No human being has since ventured more than a few hundred miles from Earth. The brief window of possibility opened by the project, the visions of reaching out into space, of visiting Mars and Venus, of sending people to live permanently beyond our planet, proved nothing more than a brief, if heady, illusion.
Might things finally be about to change? For the first time since the 1970s, America has a fully loaded Moon rocket ready for launch. Sometime in the next week or so that rocket will lift off; soar gracefully into the heavens and send an unmanned capsule towards the Moon.
NASA, too, has a plan: one that calls for a decade or more of exploration; one that speaks of building a permanent base around the Moon. If it succeeds, the Artemis Program - as this plan is labelled - will see a fundamental shift in the way we think about the Moon.
It will no longer be a dead world; a place we visited, briefly, and then abandoned. If Artemis succeeds, the Moon will instead become a place more akin to Antarctica: a cold and unforgiving place, yet one regularly touched by the hands of men and women.

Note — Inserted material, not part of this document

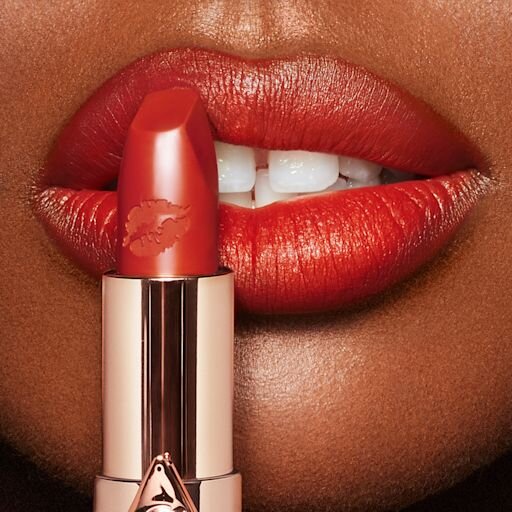 Hot Lips 2 NAVULLING RED HOT SUSAN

Still, that “if” is still a big one. If humans are to return to the Moon and stay there for any amount of time, a lot of work remains to be done. Landers need to be built, orbiting stations designed, spacesuits readied and astronauts trained. And – perhaps most important of all – a new Moon rocket must be tested.
The Rocket
This new rocket is called the “Space Launch System”. That - it has to be said - is an awful, uninspired name. It lacks the romance of the Saturn V, or even of the Ares I, its immediate predecessor. It is, unfortunately, the kind of name that emerges from the heart of bureaucracy, the selection, no doubt, of some dull committee.

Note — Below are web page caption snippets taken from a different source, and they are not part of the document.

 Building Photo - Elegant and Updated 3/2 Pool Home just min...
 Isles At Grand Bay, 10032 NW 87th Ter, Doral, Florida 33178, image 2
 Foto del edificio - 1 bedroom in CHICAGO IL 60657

Still, the name may be fitting. The Space Launch System, or SLS, is a creature born in bureaucracy. It emerged from the wreckage of the Constellation Program, an earlier effort by NASA to find a way forward for human spaceflight after the retirement of the Space Shuttle.
Constellation had three key components: a rocket, Ares; a moon lander, Altair; and a deep space capsule, Orion. Of the three, only Orion has survived to the present day - and having been tested twice, now sits atop of the SLS.
Altair never got beyond the drawing board, and was consigned to the trash bin when Constellation was cancelled. But the Ares rocket - which did, indeed, once fly - has lived on through the SLS. Two versions of this rocket were originally envisioned.
The first, the Ares I, was intended to carry astronauts. The other, the Ares V, was imagined as a powerful rocket strong enough to carry cargo and supplies into deep space. Both were designed to continue the legacy of the Space Shuttle, using, in many cases, components designed for that earlier spacecraft.
When Constellation was cancelled, in 2011, these two varieties were combined into a single rocket: the SLS. It, like the Ares V, is a big rocket, designed to carry hardware far beyond Earth. But, like the Ares I, it can also carry astronauts, and as such will form the heart of NASA’s plan to return humans to the Moon.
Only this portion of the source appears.